Todo ser homano es un ser social, abierto a los demás. Para cualquier persona, los otros son una parte importante de su vida. Su realización plena como persona está indefectiblemente ligada a otros, pues todos sabemos que la felicidad depende en mucho de la calidad de nuestra relación con quienes componen nuestro ámbito familiar, profesional, social, etc.
Sin embargo, no puede olvidarse que la persona no sólo se relaciona con los demás, sino también consigo mismo: mantiene una frecuente conversación en su propia interioridad, un diálogo que se produce de forma espontánea con ocasión de las diversas vivencias o reflexiones personales que todo hombre se hace de continuo.
Y ese diálogo interior puede ser estéril o fecundo, destructivo o constructivo, obsesivo o sereno.
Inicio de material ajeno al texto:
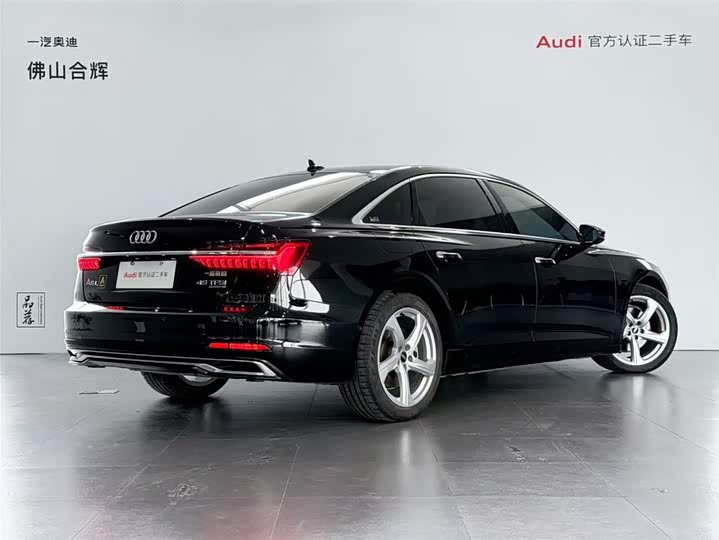 Фото 4 - Audi A6L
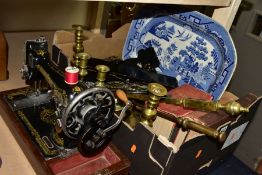 A BOX AND LOOSE METALWARES, CERAMICS, ETC, including a cased Singer sewing machine, serial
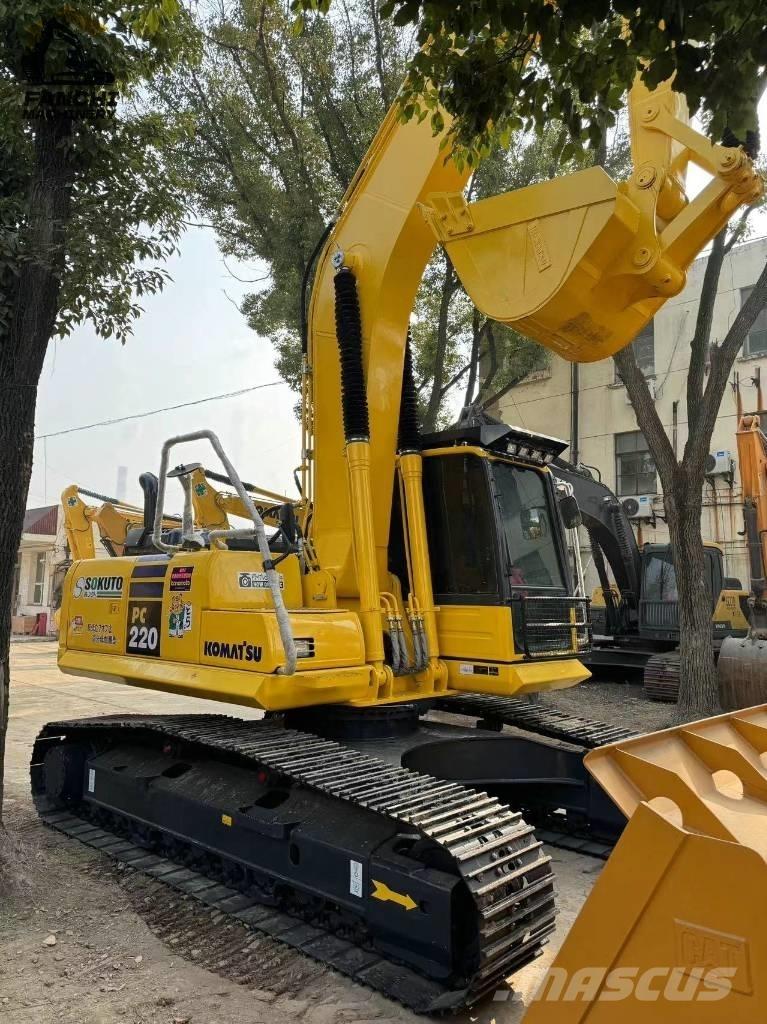 Komatsu PC 220 LC 大型油圧ショベル12t以上（パワーショベル・ユンボ）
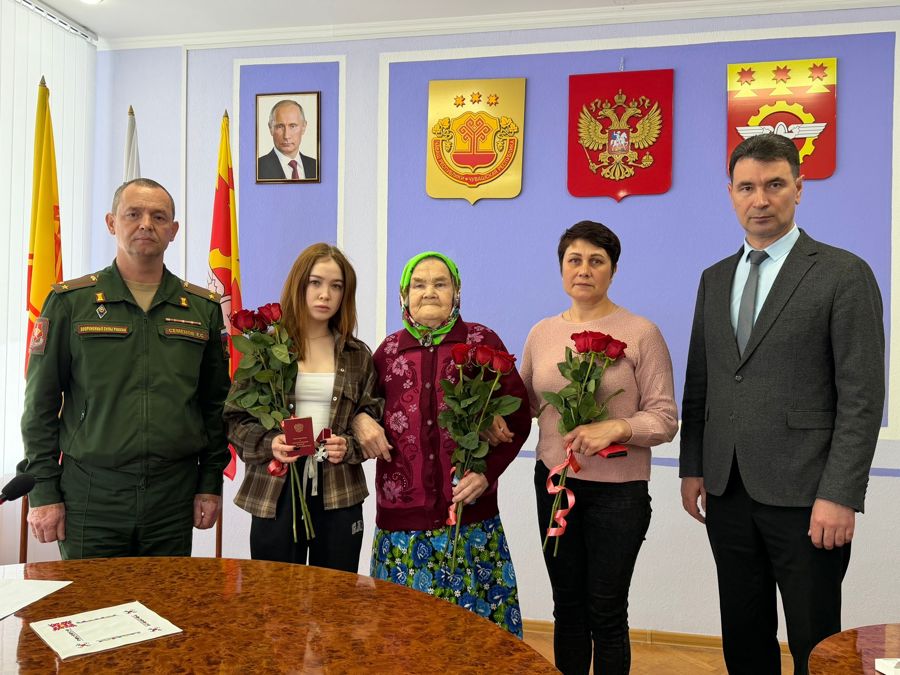 Глава Канашского муниципального округа и военный комиссар вручили Орден Мужества семье погибшего военнослужащего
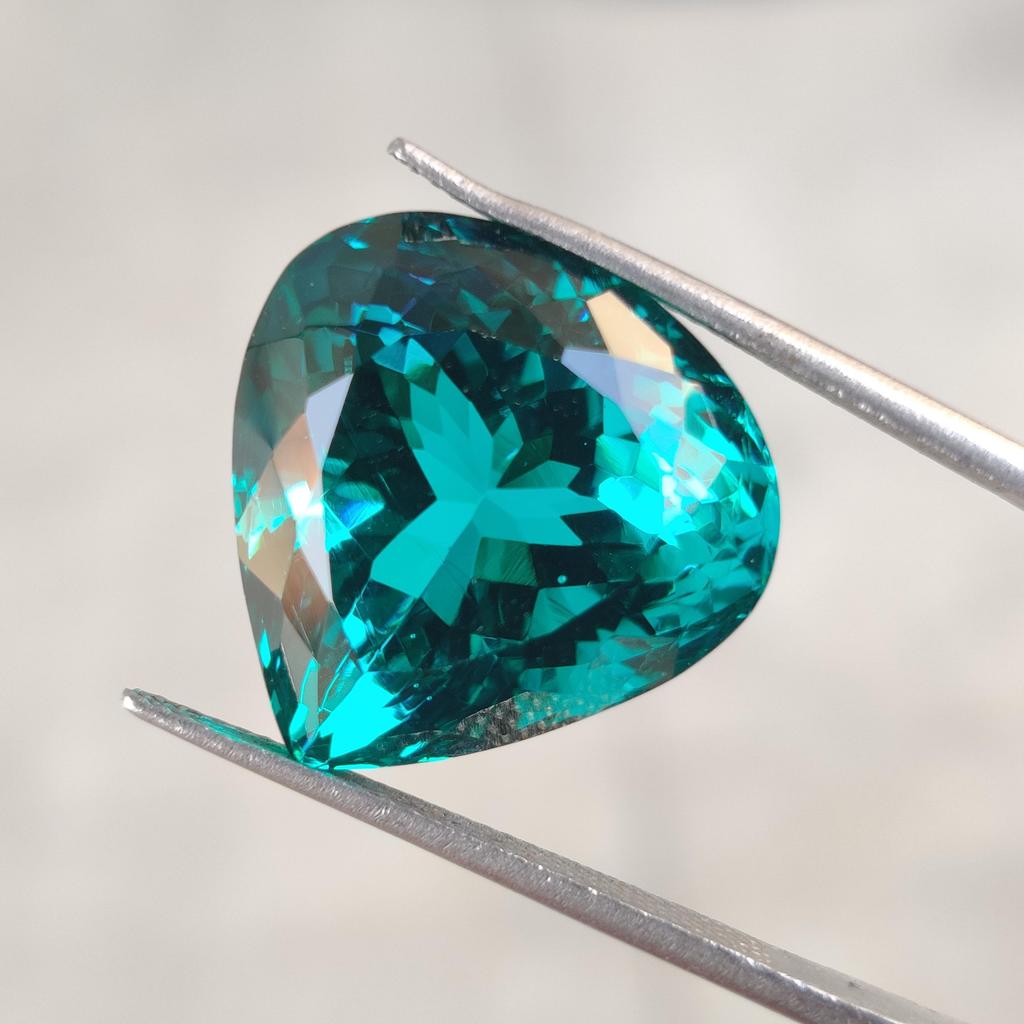 Amazing Pear Oval Cut Natural Glass Stone, Loose Stone, 23.35 Carat, 18 MM Size Pear Stone.
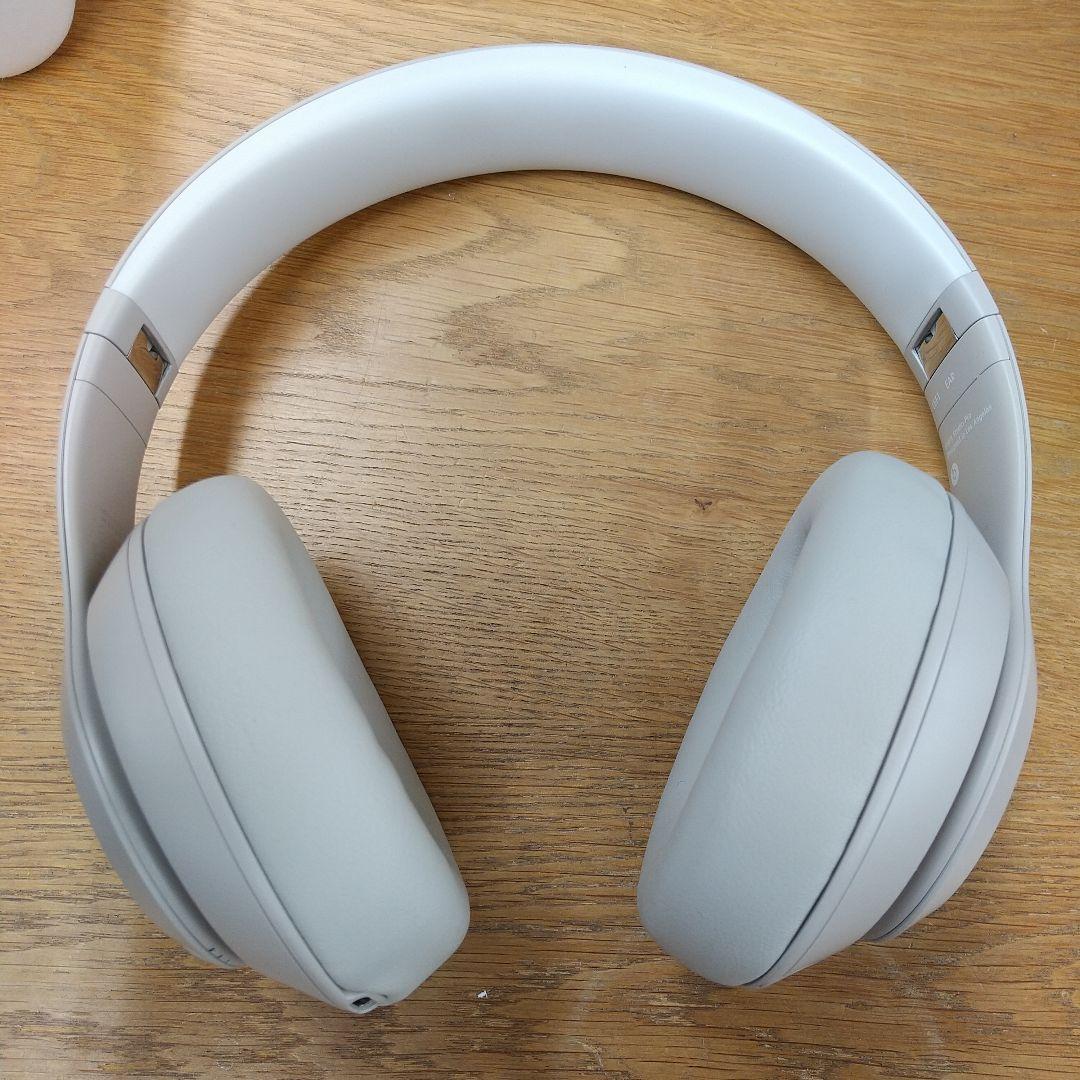 Beats Studio Pro サンドストーン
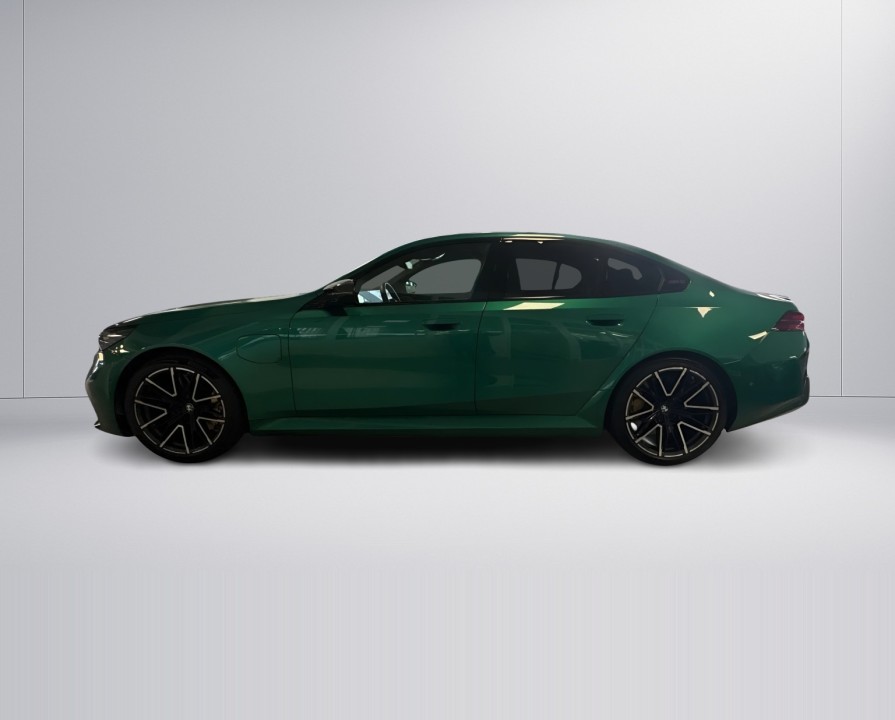BMW M5 Limousine (4)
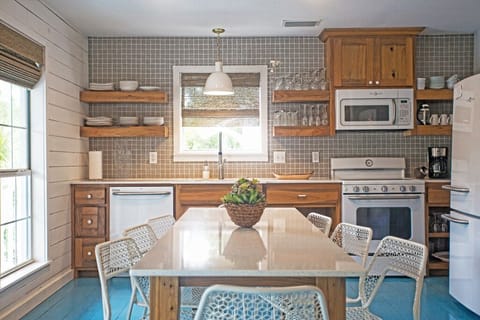 Plenty of dinnerware for
entertaining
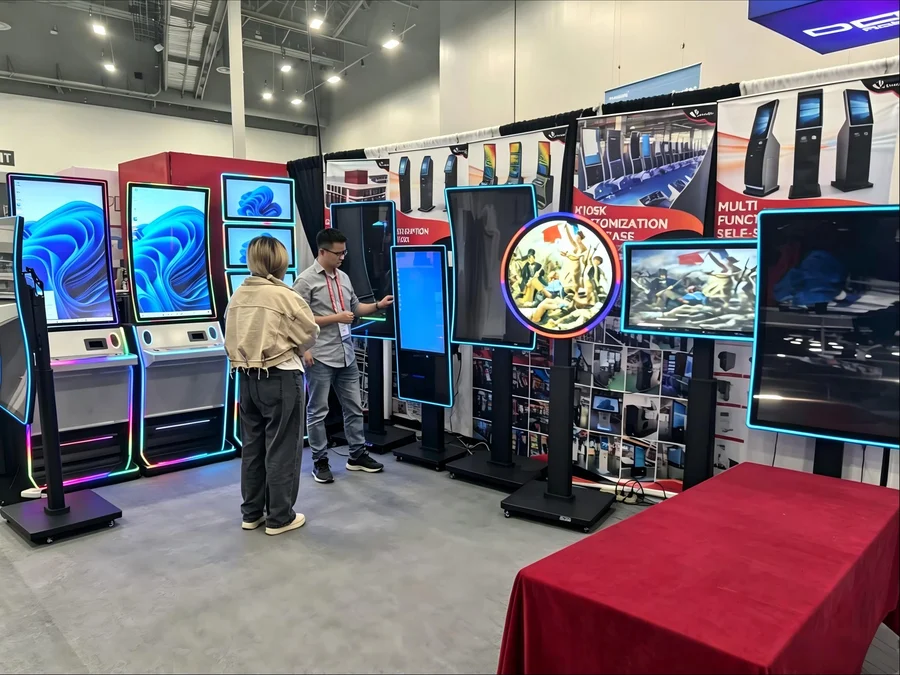 Usingwin exhibition and customer meeting photograph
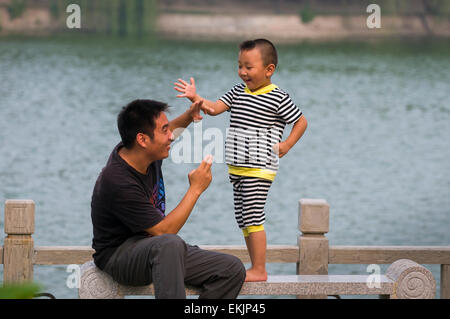 Vater und Sohn ausleben Schwertkampf sah sie bei der Kaiserin Schlosspark, Kaifeng, Henan Provinz, China Stockfoto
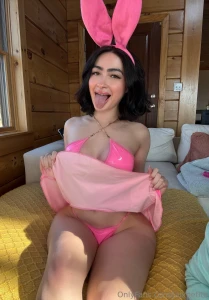 Can i be your dirty mistress in pink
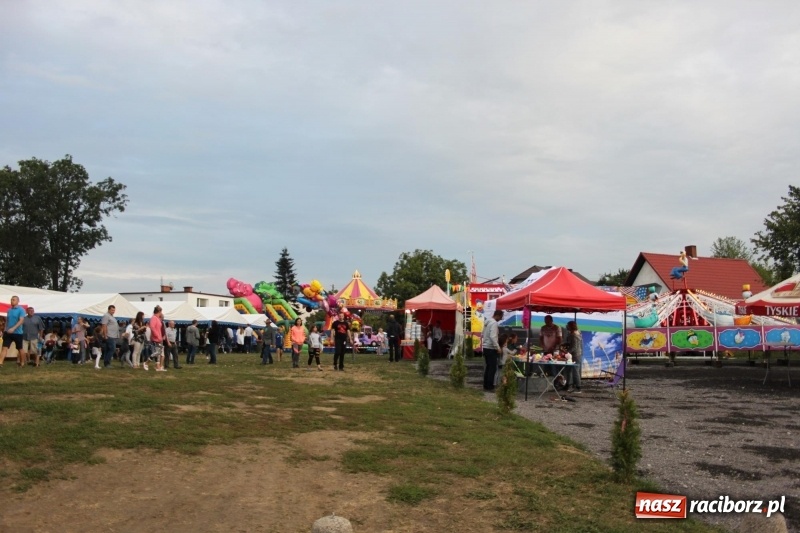 Zdjęcie w galerii na portalu naszraciborz.pl: DOXXX i APPASSIONATO na Powiatowych Dożynkach w Krzanowicach FOTO wiadomości z regionu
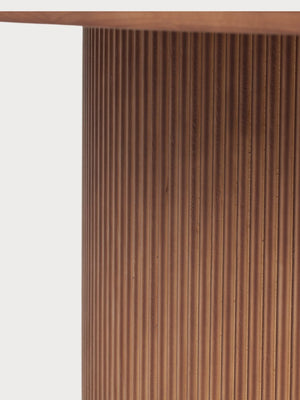 Mesa de centro acanalada de madera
Dependerá de cómo se plantee, de la clase de persona que se sea. Si uno tiene un mundo interior sano y bien cultivado, ese diálogo será alumbrador, porque proporcionará luz para interpretar la realidad y será ocasión de consideraciones muy valiosas. Si una persona, por el contrario, posee un mundo interior oscuro y empobrecido, el diálogo que establecerá consigo mismo se convertirá, con frecuencia, en una obsesiva repetición de problemas, referidos a pequeñas incidencias perturbadoras de la vida cotidiana: en esos casos, como ha escrito Miguel Angel Martí, el mundo interior deja de ser un laboratorio donde se integran los datos que le llegan y se convierte en un disco rayado que repite obsesivamente lo que con más intensidad ha arañado últimamente nuestra afectividad.
La relación consigo mismo mejora al ritmo del grado de madurez alcanzado por cada persona. Las valoraciones que hace una persona madura —tanto sobre su propia realidad como sobre la ajena— suelen ser valoraciones realistas, porque ha aprendido a no caer fácilmente en esas idealizaciones ingenuas que luego, al no cumplirse, producen desencanto. El hombre maduro y la mujer madura, saben no dramatizar ante los obstáculos que encuentra al llevar a cabo cualquiera de los proyectos que se proponen. Su diálogo interior suele ser sereno y objetivo, de modo que ni ellos mismos ni los demás suelen depararles sorpresas capaces de desconcertarles. Mantienen una relación consigo mismos que es a un tiempo cordial y exigente. Raramente se crean conflictos interiores, porque saben zanjar sus preocupaciones buscando la solución adecuada. Tienen autoconfianza, y si alguna vez se equivocan no se hunden ni pierden su equilibrio interior.
En las personas inmaduras, en cambio, ese diálogo interior de que hablamos suele convertirse en una fuente de problemas: al no valorar las cosas en su justa medida —a él mismo, a los demás, a toda la realidad que le rodea—, con frecuencia sus pensamientos le crean falsas expectativas que, al no cumplirse, provocan conflictos interiores y dificultades de relación con los demás.
Una persona madura y equilibrada tiende a mirar siempre con afecto la propia vida y la de los otros. Contempla toda la realidad que le rodea con deseo de enriquecimiento interior, porque quien ve con cariño descubre siempre algo bueno en el objeto de su visión. El hombre o la mujer que dilatan y enriquecen su interior de esa manera, dilatan y enriquecen su amor y su conocimiento, se hacen más optimistas, más alegres, más humanos, más cercanos a la realidad, tanto a la de los seres humanos como a la de las cosas.